Rep. Raul Ruiz was a sponsor and staunch advocate of the Promise to Address Comprehensive Toxics Act (PACT Act), which became law last August and expands Department of Veterans Affairs (VA) benefits and care for veterans exposed to burn pits and other toxic substances.
But even before that, he introduced the Presumptive Benefits for War Fighters Exposed to Burn Pits and Other Toxins Act of 2020. On February 28 during The American Legion’s Washington Conference, Ruiz shared with Legion Family members why he was so passionate the cause: meeting Air Force veteran Jennifer Kepner, a constituent of his who was exposed to burn pits in Iraq and died of pancreatic cancer.
“Before her death, Jennifer asked me to fight for veterans like her who had been exposed to burn pits, which she called, ‘the Agent Orange of our generation,’” Ruiz said. “And I promised her at her kitchen table when we met that I would fight for her and other veterans that had been denied benefit due to their exposure to burn pits. And now, veterans like Jennifer Kepner and families like hers will be able to receive the benefits and care that they need … without facing an arduous process from the VA.”

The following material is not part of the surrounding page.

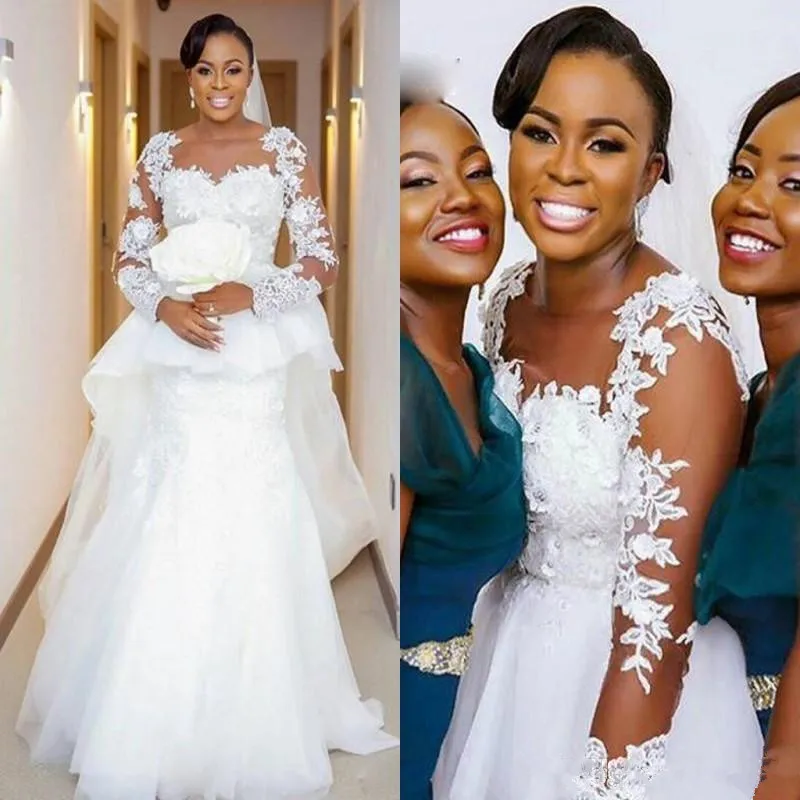 Saudi Arabic Mermaid Wedding Dresses Sheer Neck Lace Appliques Wedding Gowns Peplum Tulle Dubai Bridal Dress Plus Size Vestidos
Saudi Arabic Mermaid Wedding Dresses Sheer Neck Lace Appliques Wedding Gowns Peplum Tulle Dubai Bridal Dress Plus Size Vestidos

Ruiz, an emergency medicine physician, was honored for his efforts with the PACT Act and other veterans advocacy prior to his address by being presented The American Legion’s Distinguished Public Service Award. He, in turn, thanked the Legion for its support of and advocacy on behalf of the PACT Act.
“The Honoring Our Pact Act is now the law of the land because of you,” he said. “This is a great victory that we shared together because of the leadership and the advocacy of The American Legion (and its members) from all across the country and fought over the years to move this legislation forward. I’m so thankful to have had advocates like The American Legion by my side pushing for these veterans throughout the entire journey.”
Ruiz said the next step is ending the use of burn pits “once and for all, so that future generations of servicemembers won’t have to face the same health crisis as our Vietnam and Gulf War exposed veterans have.”
He also spoke about providing proper support for non-U.S. citizens who served in the military but now “still face the dangers of deportation, and being separated from their families and communities. I believe that if you fight and risk your life for our country, you should stay in our country. That is why as chair of the Congressional Hispanic Caucus last Congress, I led the caucus in support of (Rep. Mark) Takano’s Veterans Service Recognition Act to prevent the deportation of non-citizen servicemembers and give them due process in America and a fair shot at a pathway to citizenship. With the Congressional Hispanic Caucus’ and your support, this passed the House last Congress.
“While we are still working hard to bring this legislation to President Biden’s desk, together with the Department of Homeland Security and Department of Veterans Affairs and Department of Defense, we brought forward the initiative to support non-citizen servicemembers, veterans and immediate family members. This new portal ensures that veterans and their family members get the assistance and direction they need with their immigration cases when they need it.”